WHAT THE TASK REQUIRES:
When you reach the line below that has "زیبایی Busty الاغ لعنتی مامان شهوتی می شود.", start returning lines exactly, and stop after the line that has "Spezie aromatiche in Jars Foto Stock"; skip the pictures.

RECORDED DATA:
********************

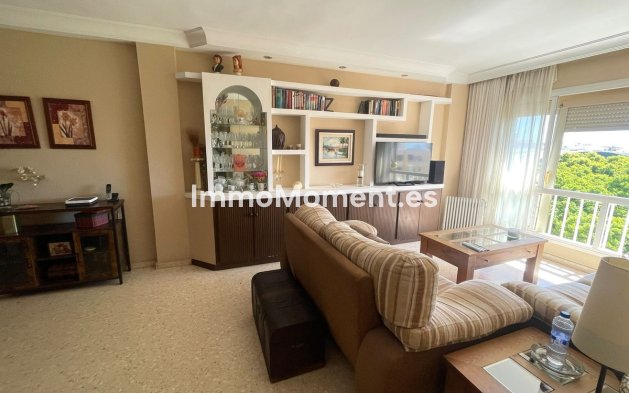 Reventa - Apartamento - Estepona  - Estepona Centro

********************

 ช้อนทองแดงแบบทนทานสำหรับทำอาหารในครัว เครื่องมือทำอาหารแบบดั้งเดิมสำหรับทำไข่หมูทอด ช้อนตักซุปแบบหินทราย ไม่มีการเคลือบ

********************

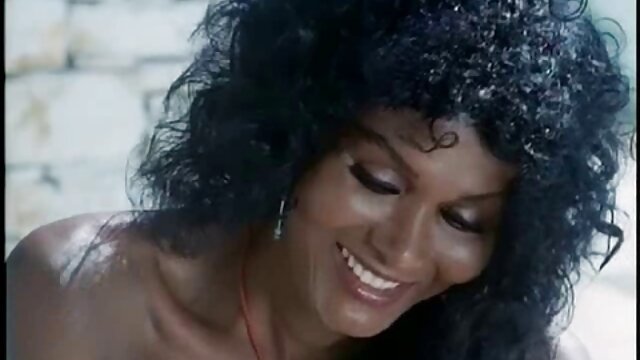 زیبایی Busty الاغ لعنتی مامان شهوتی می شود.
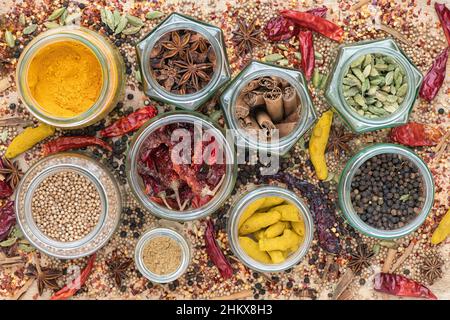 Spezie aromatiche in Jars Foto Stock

********************

RESPONSE:
 زیبایی Busty الاغ لعنتی مامان شهوتی می شود.
 Spezie aromatiche in Jars Foto Stock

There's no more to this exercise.